┌────────

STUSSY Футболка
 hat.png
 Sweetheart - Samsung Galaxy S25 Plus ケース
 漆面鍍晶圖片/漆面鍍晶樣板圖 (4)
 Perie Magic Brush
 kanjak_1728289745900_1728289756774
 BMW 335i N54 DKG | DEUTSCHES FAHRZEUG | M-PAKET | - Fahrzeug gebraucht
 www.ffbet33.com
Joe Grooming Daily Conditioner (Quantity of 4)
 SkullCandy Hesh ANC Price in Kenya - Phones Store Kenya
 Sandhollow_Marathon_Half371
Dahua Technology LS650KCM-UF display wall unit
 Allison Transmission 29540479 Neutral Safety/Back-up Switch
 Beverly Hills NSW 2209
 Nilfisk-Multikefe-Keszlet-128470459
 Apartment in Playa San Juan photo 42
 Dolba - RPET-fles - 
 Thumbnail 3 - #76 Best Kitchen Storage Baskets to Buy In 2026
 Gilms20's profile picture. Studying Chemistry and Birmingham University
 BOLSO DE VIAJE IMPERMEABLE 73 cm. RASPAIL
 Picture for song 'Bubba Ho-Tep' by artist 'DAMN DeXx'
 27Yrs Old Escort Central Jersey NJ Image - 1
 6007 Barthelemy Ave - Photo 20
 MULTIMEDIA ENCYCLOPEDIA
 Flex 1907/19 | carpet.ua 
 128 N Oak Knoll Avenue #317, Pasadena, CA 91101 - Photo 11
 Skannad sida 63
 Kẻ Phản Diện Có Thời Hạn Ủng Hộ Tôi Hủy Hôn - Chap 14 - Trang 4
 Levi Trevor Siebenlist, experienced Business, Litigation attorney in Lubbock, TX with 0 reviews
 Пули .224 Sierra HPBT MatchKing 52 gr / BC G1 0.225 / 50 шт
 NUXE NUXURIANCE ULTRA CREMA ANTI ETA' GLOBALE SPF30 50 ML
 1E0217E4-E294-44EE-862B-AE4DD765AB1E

└────────

• _What you are asked to do_:
Take the entries above and repeat them. Alter nothing.

• _The completed task_:
STUSSY Футболка
 hat.png
 Sweetheart - Samsung Galaxy S25 Plus ケース
 漆面鍍晶圖片/漆面鍍晶樣板圖 (4)
 Perie Magic Brush
 kanjak_1728289745900_1728289756774
 BMW 335i N54 DKG | DEUTSCHES FAHRZEUG | M-PAKET | - Fahrzeug gebraucht
 www.ffbet33.com
Joe Grooming Daily Conditioner (Quantity of 4)
 SkullCandy Hesh ANC Price in Kenya - Phones Store Kenya
 Sandhollow_Marathon_Half371
Dahua Technology LS650KCM-UF display wall unit
 Allison Transmission 29540479 Neutral Safety/Back-up Switch
 Beverly Hills NSW 2209
 Nilfisk-Multikefe-Keszlet-128470459
 Apartment in Playa San Juan photo 42
 Dolba - RPET-fles - 
 Thumbnail 3 - #76 Best Kitchen Storage Baskets to Buy In 2026
 Gilms20's profile picture. Studying Chemistry and Birmingham University
 BOLSO DE VIAJE IMPERMEABLE 73 cm. RASPAIL
 Picture for song 'Bubba Ho-Tep' by artist 'DAMN DeXx'
 27Yrs Old Escort Central Jersey NJ Image - 1
 6007 Barthelemy Ave - Photo 20
 MULTIMEDIA ENCYCLOPEDIA
 Flex 1907/19 | carpet.ua 
 128 N Oak Knoll Avenue #317, Pasadena, CA 91101 - Photo 11
 Skannad sida 63
 Kẻ Phản Diện Có Thời Hạn Ủng Hộ Tôi Hủy Hôn - Chap 14 - Trang 4
 Levi Trevor Siebenlist, experienced Business, Litigation attorney in Lubbock, TX with 0 reviews
 Пули .224 Sierra HPBT MatchKing 52 gr / BC G1 0.225 / 50 шт
 NUXE NUXURIANCE ULTRA CREMA ANTI ETA' GLOBALE SPF30 50 ML
 1E0217E4-E294-44EE-862B-AE4DD765AB1E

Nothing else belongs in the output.